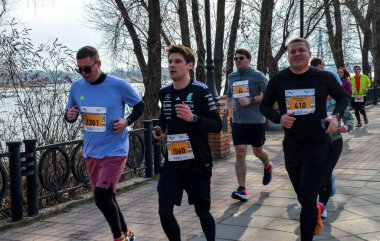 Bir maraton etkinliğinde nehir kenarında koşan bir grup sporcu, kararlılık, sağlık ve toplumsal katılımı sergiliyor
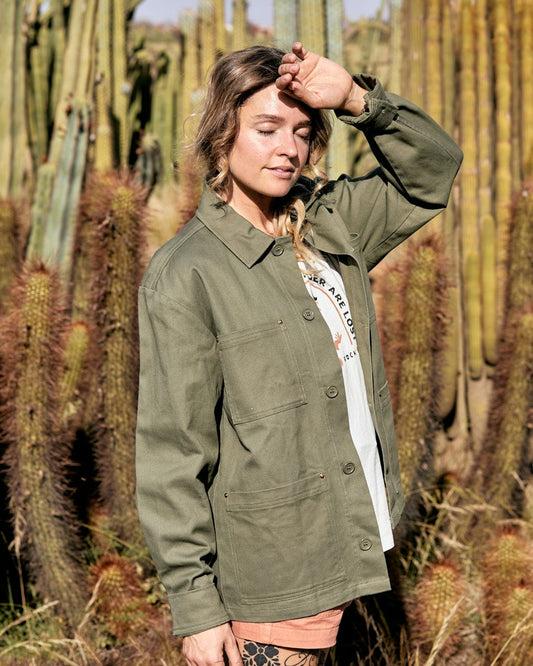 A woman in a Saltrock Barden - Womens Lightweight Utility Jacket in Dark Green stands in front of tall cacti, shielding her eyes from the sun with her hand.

--

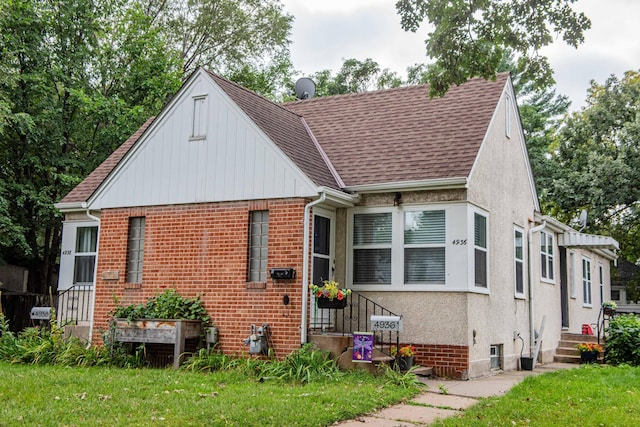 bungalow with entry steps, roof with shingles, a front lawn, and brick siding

---

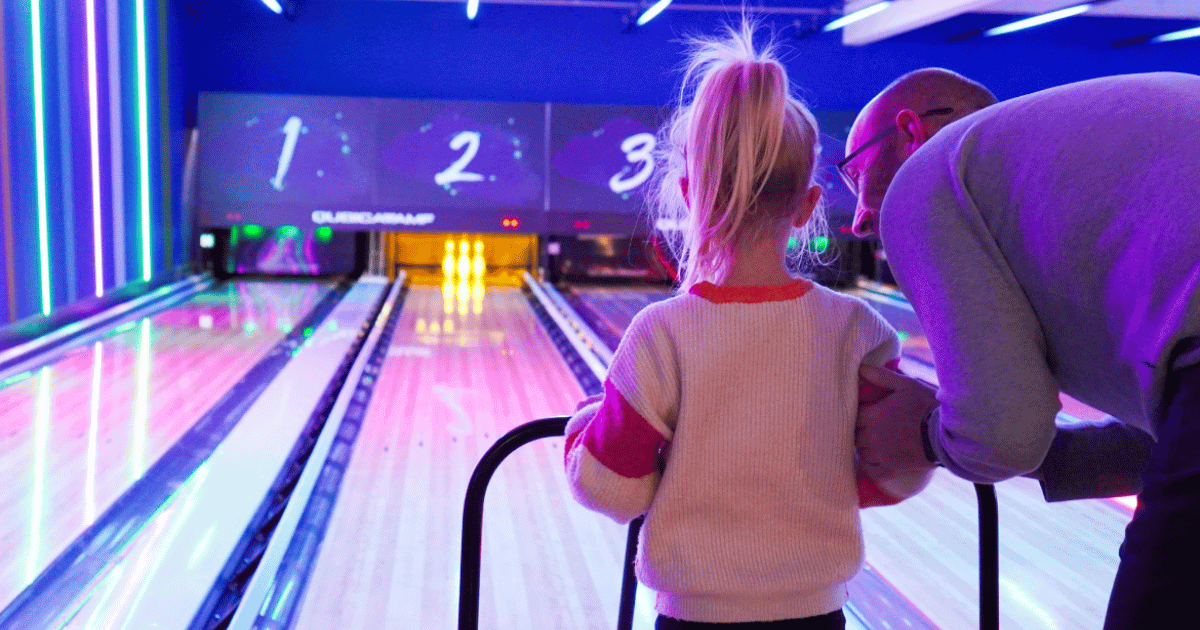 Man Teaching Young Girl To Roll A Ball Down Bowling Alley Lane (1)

→ What the task requires
From the records above, copy exactly the lines starting at the one with "Bir maraton etkinliğinde" and ending at the one with "A woman in a", and no others. Pictures stay out.

→ Task response
 Bir maraton etkinliğinde nehir kenarında koşan bir grup sporcu, kararlılık, sağlık ve toplumsal katılımı sergiliyor
 A woman in a Saltrock Barden - Womens Lightweight Utility Jacket in Dark Green stands in front of tall cacti, shielding her eyes from the sun with her hand.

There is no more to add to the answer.